Traditional approaches of managing security through checklists, rules, and compliance can't keep up with the increasing malware volumes and propagation rates we are seeing today. A case in point is several recent "Threat Reports" detailing the severity of the modern threat landscape where:
- A total of approximately 1.81 million website redirect events were used in 2013 to infect endpoints. (Websense Threat Report 2014, registration required)
- Known malware -- including Ransomware and rootkits -- grew about 15%, totaling approximately 196 million unique samples (McAfee Threat Report Fourth Quarter 2013)
- Application vulnerabilities are about 175% higher than operating system (OS) and browser vulnerabilities combined (Microsoft Security Intelligence Report Volume 15).
With the rapid proliferation of mobile technology, traditional personal computing devices today represent a much smaller share of endpoint devices than in the past.
In the report "Enterprise Endpoint Protection When the Consumer Is King" (subscription required), Gartner indicates that, even though traditional personal computing devices like laptops and desktops represent a smaller share of endpoint devices used, they still represent the most infected and require the most effort to secure. Additionally, due to our continued use of traditional signature-based or blacklisting technologies, these devices remain the primary target for cyberattacks.
A game of cat and mouse
At a high level, the four primary goals of almost all cyberattacks are to target a vulnerability, drop payload, remain undetected, and harvest data. But today, it's not feasible to continue playing "cat and mouse" with cyber criminals when they have invested significant effort in understanding our blacklisting technologies' weaknesses, strengths, and even how they handle different attacks patterns. With this knowledge, cyber criminals are able to wreak havoc by:
- Developing attacks that have limited distribution and are intended for targeted individuals/organizations
- Circulating attacks quickly to guarantee blind spots in blacklisting technologies can be exploited
- Creating noise to divert the security team's attention and increase the possibility of an attack going unnoticed.
As the ineffectiveness of blacklisting creates greater opportunities for attacks, we as security professionals must re-evaluate whether continuing to model our methodologies on the principle of constant "known-bad" protection is working. More important, as our IT infrastructure expands further to accommodate mobile computing platforms, desktop virtualization and cloud, we must work towards implementing security controls that are based on dynamic "known-good" protection.
To do this, we have to turn our attention to the security strategies that reduce our attack surface(s) through deny by default application control mechanisms and vulnerability management.
Consider all of the security controls we deploy to traditional personal computing devices -- anti-virus, intrusion prevention, data loss prevention, etc. These are just a few of the security technologies that contribute -- in varying degrees of effectiveness -- to endpoint protection. However, to maintain acceptable risk levels in the face of increasing threats and evolving technologies, we must change our outlook and approach to an endpoint protection strategy with a risk-based perspective.
There are many technologies that contribute to reducing the attack surface of traditional personal computing devices. Historically, our industry has followed blacklisting security models that define what should be restricted and implicitly allows everything else but this is proving to be ineffective due to declining detection rates.
Look on the bright side
With a risk-based approach, instead of managing threats through specific technology functionalities, we manage the attack surface with the goal of reducing a much larger number of threats without getting into specifics. In 2010, for example, when the Australian Signals Directorate adopted a risk-based approach to mitigate targeted cyber intrusions, it found that no single security control prevents malicious activity, but a combination of specific "positive security" strategies proved to be 85% effective in mitigating intrusions.
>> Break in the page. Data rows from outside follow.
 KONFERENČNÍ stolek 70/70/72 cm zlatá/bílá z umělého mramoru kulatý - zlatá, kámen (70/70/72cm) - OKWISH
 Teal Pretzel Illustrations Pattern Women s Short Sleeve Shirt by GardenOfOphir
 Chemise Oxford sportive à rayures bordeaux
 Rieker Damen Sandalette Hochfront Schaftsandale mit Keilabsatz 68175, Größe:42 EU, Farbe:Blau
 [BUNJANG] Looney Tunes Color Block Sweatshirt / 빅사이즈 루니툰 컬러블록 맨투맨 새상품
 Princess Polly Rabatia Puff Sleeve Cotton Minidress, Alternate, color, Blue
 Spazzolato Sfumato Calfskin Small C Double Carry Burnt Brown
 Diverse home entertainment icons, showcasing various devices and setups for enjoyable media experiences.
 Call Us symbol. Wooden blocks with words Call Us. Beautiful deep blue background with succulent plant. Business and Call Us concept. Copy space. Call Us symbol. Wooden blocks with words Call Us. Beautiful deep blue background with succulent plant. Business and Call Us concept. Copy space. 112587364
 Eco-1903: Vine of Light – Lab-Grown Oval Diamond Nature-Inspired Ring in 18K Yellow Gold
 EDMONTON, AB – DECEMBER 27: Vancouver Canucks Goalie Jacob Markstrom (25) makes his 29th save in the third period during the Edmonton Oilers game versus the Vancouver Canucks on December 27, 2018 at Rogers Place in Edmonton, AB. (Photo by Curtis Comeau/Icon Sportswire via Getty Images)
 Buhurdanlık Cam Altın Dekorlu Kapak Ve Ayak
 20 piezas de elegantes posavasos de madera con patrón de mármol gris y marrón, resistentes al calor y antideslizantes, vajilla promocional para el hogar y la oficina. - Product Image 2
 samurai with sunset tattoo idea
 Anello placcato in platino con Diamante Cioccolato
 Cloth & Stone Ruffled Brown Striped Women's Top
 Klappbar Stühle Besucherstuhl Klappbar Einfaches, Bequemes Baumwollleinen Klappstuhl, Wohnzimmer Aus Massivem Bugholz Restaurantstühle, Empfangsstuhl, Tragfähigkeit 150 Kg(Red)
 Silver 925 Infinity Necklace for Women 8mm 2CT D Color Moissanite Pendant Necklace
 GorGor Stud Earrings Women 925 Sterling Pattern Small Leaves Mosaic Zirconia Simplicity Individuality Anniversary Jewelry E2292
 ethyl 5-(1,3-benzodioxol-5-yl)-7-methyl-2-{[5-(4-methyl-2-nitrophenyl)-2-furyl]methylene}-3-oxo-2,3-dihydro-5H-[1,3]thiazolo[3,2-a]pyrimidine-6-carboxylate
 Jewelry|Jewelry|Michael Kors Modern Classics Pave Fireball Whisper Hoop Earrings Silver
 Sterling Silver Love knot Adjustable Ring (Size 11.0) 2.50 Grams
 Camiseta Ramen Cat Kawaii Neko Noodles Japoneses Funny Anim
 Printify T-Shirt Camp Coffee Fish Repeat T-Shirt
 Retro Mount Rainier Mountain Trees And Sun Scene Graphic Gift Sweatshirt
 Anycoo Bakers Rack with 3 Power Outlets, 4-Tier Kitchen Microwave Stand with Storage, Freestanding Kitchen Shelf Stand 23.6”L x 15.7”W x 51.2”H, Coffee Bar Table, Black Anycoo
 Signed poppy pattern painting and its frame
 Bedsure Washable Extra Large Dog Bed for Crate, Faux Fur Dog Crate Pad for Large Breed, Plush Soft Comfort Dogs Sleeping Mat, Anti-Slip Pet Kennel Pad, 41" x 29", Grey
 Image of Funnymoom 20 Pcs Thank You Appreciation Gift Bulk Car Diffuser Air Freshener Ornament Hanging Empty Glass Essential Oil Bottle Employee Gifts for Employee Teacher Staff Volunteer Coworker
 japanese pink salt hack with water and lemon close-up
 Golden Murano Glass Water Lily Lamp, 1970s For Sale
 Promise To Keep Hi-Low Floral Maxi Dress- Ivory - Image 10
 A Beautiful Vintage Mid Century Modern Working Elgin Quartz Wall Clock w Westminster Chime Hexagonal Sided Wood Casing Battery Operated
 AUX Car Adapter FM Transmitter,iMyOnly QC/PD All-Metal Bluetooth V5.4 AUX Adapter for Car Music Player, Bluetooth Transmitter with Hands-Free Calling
A risk-based or positive security methodology will also result in demonstrable business benefits with respect to traditional personal computing devices by:
- Displacing security controls (such as antivirus) that have become ineffective and/or contribute little value to the overall endpoint protection
- Improving overall endpoint performance by eliminating (blacklist) signature databases that consume significant network and system resources
- Reducing the strain on supporting infrastructure(s) for deploying (blacklisting) signature updates across remote locations
- Enhancing operational efficiencies by lessening the work effort required to reactively maintain security technologies.
By changing our endpoint protection strategy to follow positive security models, we align with proven industry practices of least-privilege, or deny-by-default, and we position ourselves as attack-agnostic where we can be more relaxed when it comes to attack-signature deployment. In an environment where threats are a constantly moving target, this approach is a far more effective endpoint protection strategy.